New York — La Bourse de New York, épuisée d'avoir tant attendu le plan de sauvetage des banques, va tenter d'en discerner la semaine prochaine les premiers effets, tout en abordant, en plein pessimisme, la saison des résultats du troisième trimestre.

Sur la semaine écoulée, rythmée par les nouveaux rebondissements de la crise financière, aux États-Unis et en Europe, le Dow Jones a plongé de 7,3 %, à 10 325,38 points, le Nasdaq, à forte composante technologique de 10,8 %, à 1947,39 points et le Standard and Poor's 500 de 9,4 %, à 1099,23 points.

Le marché obligataire, refuge de l'investisseur inquiet, a logiquement fini en hausse. Le rendement du bon du Trésor à 10 ans a reculé à 3,64 %, contre 3,83 % vendredi dernier, celui à 30 ans à 4,12 %, contre 4,36 %.

Suspendue aux hésitations du Congrès sur le plan du secrétaire au Trésor Henry Paulson, Wall Street a été agitée par une volatilité qui a atteint des niveaux impressionnants.

Après le rejet-surprise du projet lundi, le Dow Jones a accusé une chute de 7 %, soit une perte jamais vue de près de 800 points. Il a rebondi le lendemain de 4,7 %, frôlant en points une progression record.

En guise d'épilogue, le marché a reçu en fin de semaine le plan tant attendu, amendé, adopté par le Congrès puis aussitôt promulgué par le président George W. Bush... ce qui n'a pas empêché Wall Street de finir en baisse.

Dans un agenda vierge de statistique économique majeure la semaine prochaine, «la seule chose qui va préoccuper le marché va être l'évolution du marché du crédit à court terme des entreprises et les progrès dans la mise en place du plan et des autorités de régulation pour racheter les titres» douteux qui plombent les comptes de banque, estime Lindsey Piegza, de FTN Financial.

La crise de l'énorme marché des billets de trésorerie met en péril l'activité des entreprises américaines qui utilisent ces titres pour faire face à leurs besoins imprévus de liquidités.

«Les nouvelles de l'état de l'économie sont restées vraiment mauvaises, et même avec le plan de sauvetage de Washington, cela ne suffit pas à faire redémarrer le marché», estime Mme Piegza.

Douloureuse piqûre de rappel hier: les très suivis chiffres de l'emploi ont révélé des destructions d'emplois pour le neuvième mois consécutif, qui plus est d'une ampleur bien plus importante qu'attendu. «C'est clair que si nous ne sommes pas encore en récession, le marché de l'emploi est lui certainement en récession», juge Mme Piegza.

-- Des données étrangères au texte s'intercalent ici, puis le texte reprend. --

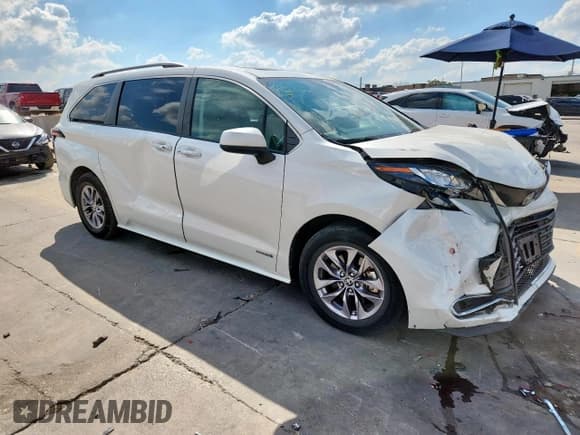 ✅ 2021 Toyota Sienna XLE • VIN: 5TDYRKEC9MS039244 • Lot: 82361665. Wystawiony na Copart z przebiegiem 50 889 mil. Bezpłatny archiwum sprzedaży aukcyjnych z USA i szczegółowy raport historii pojazdu na DreamBid. Zdjęcie 4.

«Nous entrons dans une période de transition, entre un marché focalisé» sur le plan Paulson, et «la prise en compte de l'état de l'économie, dont les nouvelles ont été vraiment négatives», estime Marc Pado, de Cantor Fitzgerald.

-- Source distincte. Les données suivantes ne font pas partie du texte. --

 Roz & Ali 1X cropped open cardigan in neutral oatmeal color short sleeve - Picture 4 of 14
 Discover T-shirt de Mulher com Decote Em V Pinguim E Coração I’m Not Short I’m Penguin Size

Faute d'indicateur de premier plan, Wall Street va se concentrer sur ses entreprises, qui vont commencer à délivrer leurs résultats du troisième trimestre, explique l'analyste.

Comme d'habitude, le bal sera ouvert par le géant de l'aluminium Alcoa mardi, suivi mercredi du groupe agrochimique Monsanto et vendredi du conglomérat General Electric.

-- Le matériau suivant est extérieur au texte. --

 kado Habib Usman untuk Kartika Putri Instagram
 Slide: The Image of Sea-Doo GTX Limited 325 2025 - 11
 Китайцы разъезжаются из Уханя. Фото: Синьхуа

Ce dernier sera particulièrement surveillé: considéré comme un baromètre de l'industrie américaine vu la variété de ses activités, de l'industrie à la finance en passant par la télévision, il a abaissé ses prévisions de bénéfices en raison des difficultés de sa filiale financière GE Capital.

Cible de la défiance du marché, il a annoncé cette semaine qu'il allait lever au moins 15 milliards $US, via une augmentation de capital de 12 milliards et la souscription par le milliardaire américain Warren Buffett de 3 milliards de dollars d'actions préférentielles.

«Les nouvelles que vont nous annoncer beaucoup d'entreprises ne seront pas très encourageantes», pronostique Frederic Dickson, de DA Davidson.

D'autant que le marché «entre dans la période où les groupes commencent à dévoiler leurs anticipations pour 2009», ajoute l'analyste.